Simple Distributed Key-Value-Store

This is a simple distributed key-value-store using two-phase-commit to make atomic writes across nodes. Our project is very simple and should not be used for production rather it was a fun project to learn more about two-phase-commit in practice.

  1. Architecture
  2. Test Setup

Architecture

The basic structure is compromised of multiple nodes. Each node is a go program. A client that wants to read the value for a key or write a value for a key can connect to any of the nodes in the cluster. For each write the node that received the write request becomes the coordinator for the commit of this request. It coordinates the commit of the transaction across all the nodes in the cluster using two-phase-commit 2PC Wikipedia. highLevlArch

Lifecycle of a Transaction

When a client sends a write request to any node in the cluster, that node dynamically assumes the role of Coordinator for that specific transaction. The transaction then flows through the following asynchronous lifecycle:

1. Initialization & Durability The Coordinator initiates the Two-Phase Commit (2PC) protocol by generating a unique transaction ID. Before making any network calls, it persists the transaction to the local SQLite database in the waiting state. This guarantees durable state; if the node crashes immediately after this step, the transaction can be safely recovered.

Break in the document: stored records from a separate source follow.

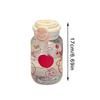 Cute Water Bottle With Straw Portable Plastic Pop-Up Cover Water Cup For Kid Kawaii Bottle Water Leak-Proof Cute Drinking Bottle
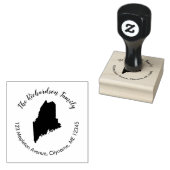 メイン州差出人住所ゴムスタンプ ラバースタンプ (押印)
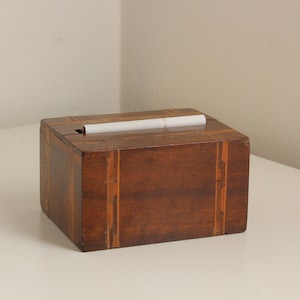 Magic Cigarette Case and Dispenser — Art Deco Inlaid Wood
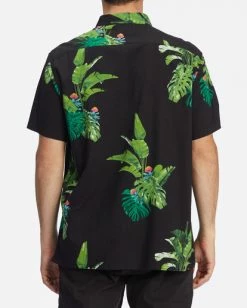 BILLABONG Kamea Jungle Short Sleeve Shirt BLACK 9 BILLABONG Kamea Jungle Short Sleeve Shirt BLACK -Mens Accessories Sales 2022 abywt00192 billabongw blk bck1 3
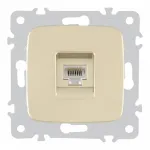 Розетка интернет, RJ45 205.45-1.shampan от ImperiumLoft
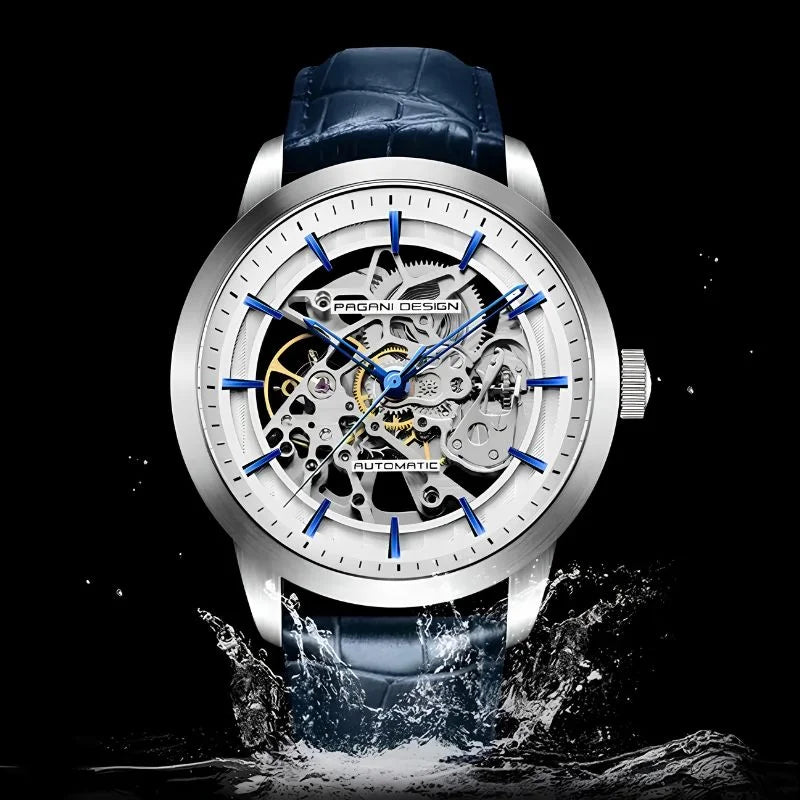 Blue White Watch Pagani Design 00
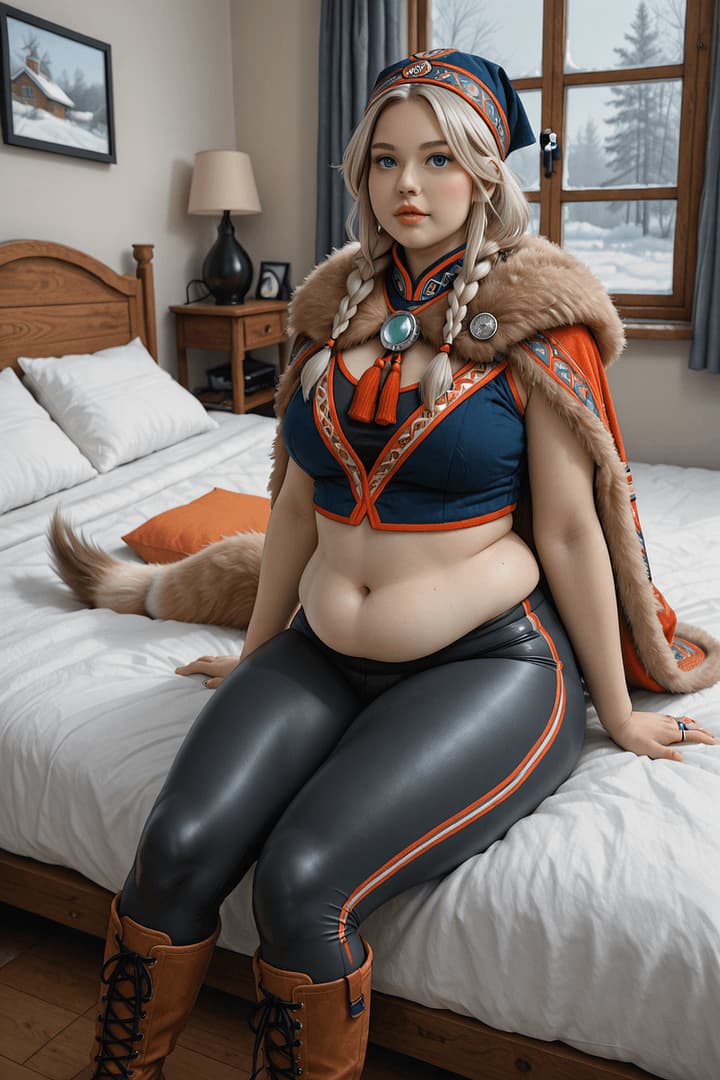 Elen-Ayla Juuso - Influencer del "Wellness" - Un'influencer Sámi che monetizza la sua gola come 'Alimentazione Intuitiva Indigena', proiettando un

2. Channel Registration & Blocking The HTTP Request Handler registers a Go channel in a thread-safe, shared in-memory map, keyed by the transaction ID. The handler then blocks, waiting for a signal on this channel, while a timeout ticks down.

  • If the timeout is reached before the transaction completes, the handler stops waiting and returns a 202 Accepted response to the client. The client can use the transaction ID to poll for the final status later.

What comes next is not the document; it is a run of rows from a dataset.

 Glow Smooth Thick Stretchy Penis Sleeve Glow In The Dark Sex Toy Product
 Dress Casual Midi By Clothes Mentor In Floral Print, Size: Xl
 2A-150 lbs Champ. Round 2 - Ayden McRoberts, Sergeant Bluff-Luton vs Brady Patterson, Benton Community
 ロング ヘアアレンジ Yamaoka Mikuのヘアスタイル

3. Phase 1: Voting (The Phase 1 Runner) Completely decoupled from the HTTP handler, a background goroutine called the Phase 1 Runner continuously polls the database for transactions in the waiting state. It broadcasts a "Vote Request" (Prepare) to all other participant nodes in the cluster.

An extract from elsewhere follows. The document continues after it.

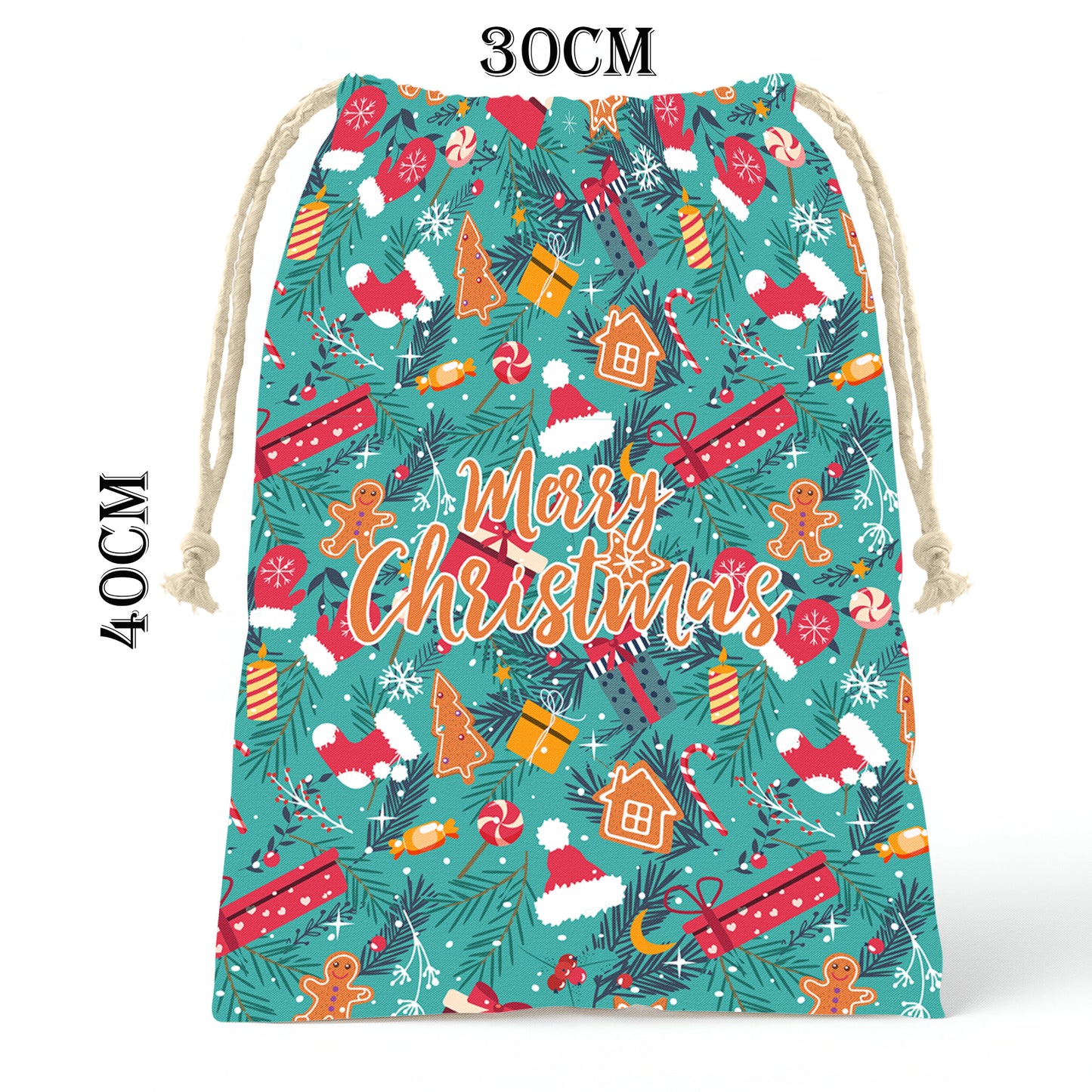 Colourful Christmas Gift Bag (Set of 2)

  • Commit: If all nodes vote 'Yes', the Coordinator updates the local transaction state to committed and saves the key-value pair to the local database.
  • Abort: If any node votes 'No' (typically because it already holds a local lock on that key) or is unreachable, the Coordinator updates the state to aborted.

4. Client Notification Immediately after making the Commit/Abort decision, the Phase 1 Runner checks the shared map for an active channel matching the transaction ID. If the channel exists (meaning the HTTP handler hasn't timed out yet), the runner pushes the final state into the channel. The HTTP handler wakes up and synchronously returns the final result (e.g., 200 OK or 409 Conflict) to the client.

5. Phase 2: Acknowledgement & Consistency After the Coordinator makes the final commit or abort decision in Phase 1, the transaction is handed off to a secondary background goroutine: the Phase 2 Runner.

This runner is strictly responsible for guaranteeing global consistency. It continuously polls the local database for decided transactions and broadcasts the final decision to all participant nodes.

Because network partitions happen and nodes can crash, this is a highly critical phase of the Two-Phase Commit protocol. The Phase 2 Runner is designed to indefinitely retry broadcasting the decision until it receives a successful acknowledgement from every single participant.

Below you will find the sequence diagrams illustrating both the happy-path synchronous response case and the timeout/polling fallback case.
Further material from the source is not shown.